パリ五輪直前に、喫煙と飲酒行為が発覚。日本体操協会と本人の話し合いにより、五輪辞退を表明したのは女子代表の宮田笙子だった。女子体操陣のエースだった彼女の辞退は体操関係者に留まらず、パリに向かう日本選手団にも大きな衝撃を与えたが、思い起こせばリオ五輪直前にも、似たような案件はあった。謹慎と出場停止処分を受け、出場断念を余儀なくされた、バドミントン日本代表の桃田賢斗である。
桃田は2015年に世界選手権3位、同年末のスーパーシリーズファイナル日本男子で初優勝するなど、その快進撃は目を見張るものがった。
22歳になった2016年には世界の主要な大会で結果を残し、世界ランキング2位に。ところがこの年の4月、桃田を含むNTT東日本の選手が都内の闇カジノ店でバカラ賭博をしていたことが発覚。協会は桃田の無期限での競技会出場停止処分を発表する。と同時に、日本代表からは外れることになったのである。
4月8日に都内で記者会見に臨んだ桃田は憔悴しきった表情で、「6回程度、1回で10万円くらい持っていって、トータルでは50万円ぐらい負けていました。高校を卒業して社会人になって、お金を自分で使えるという軽率な気持ちで、軽く考えすぎていました。自分を止められない弱さがあったのかなと…」
飛ぶ鳥を落とす勢いだった2015年、巨人軍の野球賭博騒動を目にしたことで、
「ひとごとではないな、というのが率直な感想で、解雇報道を見た時は怖くて誰にも言えませんでした」
そう言ってうなだれたのである。
だがこの騒動にはNTT東日本のOB2人に加え、部員6人が関わっていたこともあり、
「たまたま飲みに行った帰りに勧誘された」
という言葉に疑問が残ったのは事実だ。彼らが通っていたとされる、JR錦糸町駅から少し離れた雑居ビル周辺を取材してみると、
「この辺りには韓国やフィリピンパブが多く、トラブルが多いため、警察の目は厳しい。そんな場所で24時間営業の闇カジノに勧誘することは無理」
との証言があり、警視庁担当記者は当時、筆者の取材にこう語っている。
「桃田たちが出入りしていた闇カジノは2015年3月に警視庁の摘発を受けて閉店しています。今回の騒動発覚の背景には、桃田が闇カジノに通う写真と、女性とのツーショット写真がその筋の人物に渡り、その人物が写真を使って恐喝を企てた。それが警察に察知されて警察から情報が流れ、公になってしまったというのが真相のようですね」
だが桃田騒動はこれで終わらなかった。世間のバッシングを跳ねのけ、出場停止処分が解除になった2018年、2019年と世界選手権を連覇。世界最優秀選手に選出されたのだが…。

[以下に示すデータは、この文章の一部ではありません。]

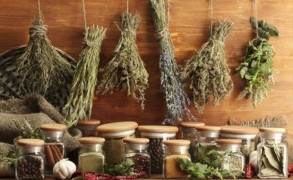 5 βότανα και μπαχαρικά που θα κάνουν τα γεύματά σας πιο υγιεινά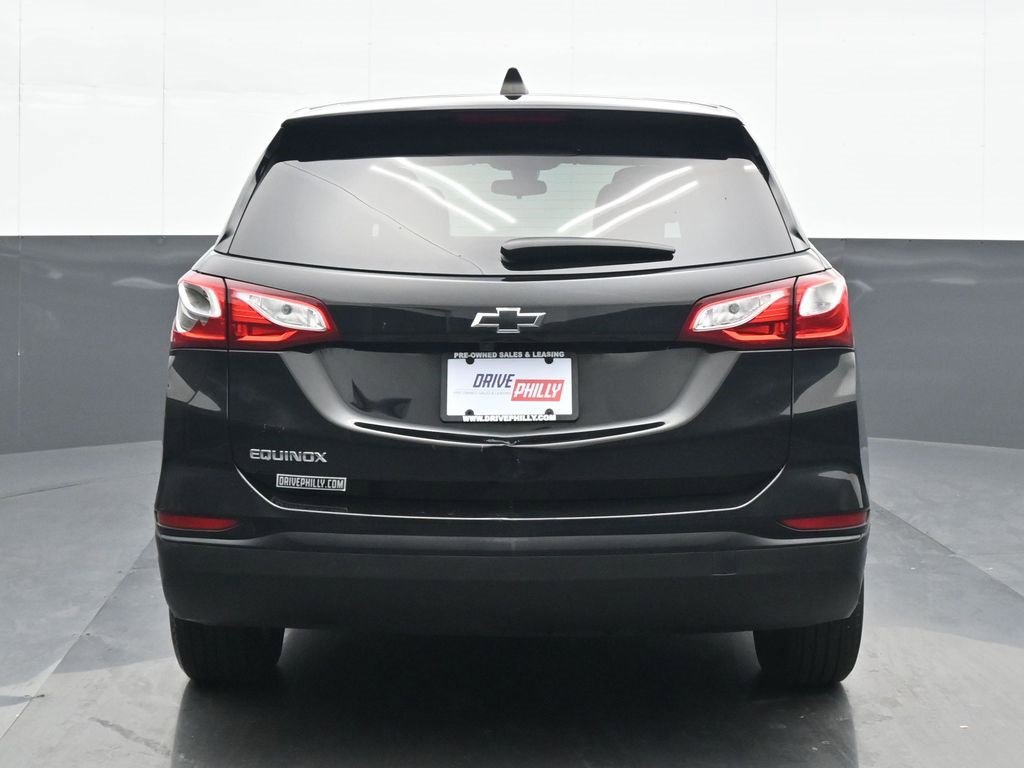 Used 2021 Chevrolet Equinox LS w/ LS Convenience Package image 5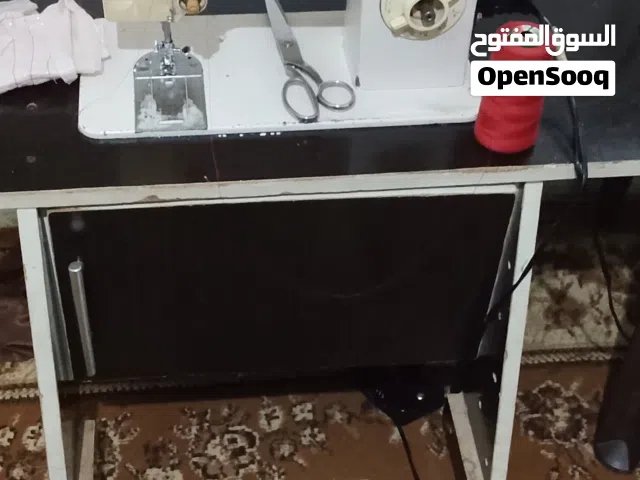 ماكنه خياطه ملابس شغاله تمام ميه ميه لبيع في اربد شارع فوعرا بتخيط عيده درزات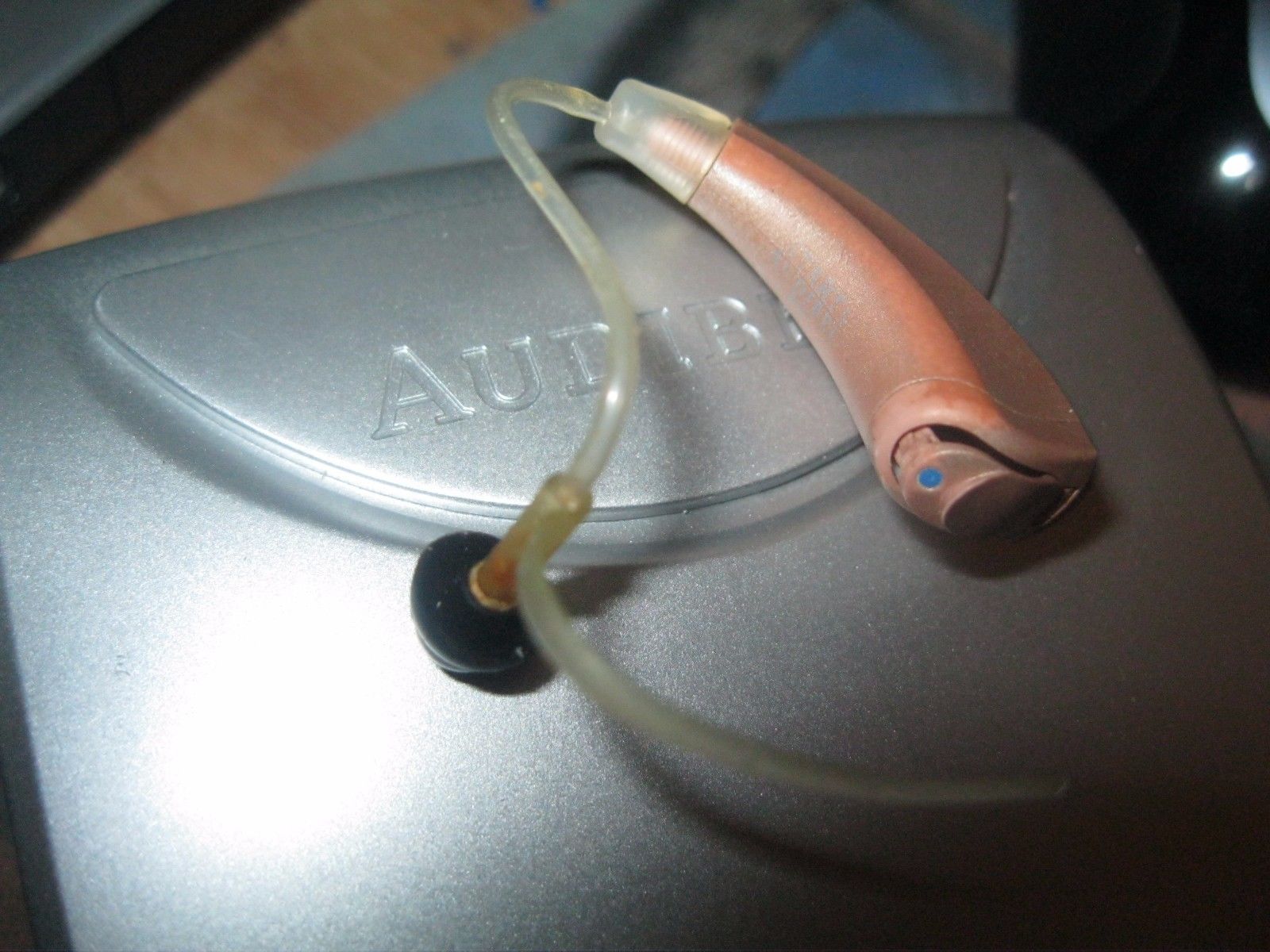 DIGITIAL AUDIBEL HEARING AID NEW TUBE fits OVER EAR `EXTRAS REG 2,000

しかし、東京五輪での金メダルが期待される中、なんと今度は遠征先のマレーシアで交通事故に遭い、2021年の東京五輪では、まさかの予選リーグ敗退となった。
そんな彼は今年4月に中国で開催された国別対抗戦トマス杯をもって、日本代表を引退。世界最高クラスの実力を兼ね備えながら、五輪に出場できなかった波乱の選手人生に、ピリオドが打たれたのである。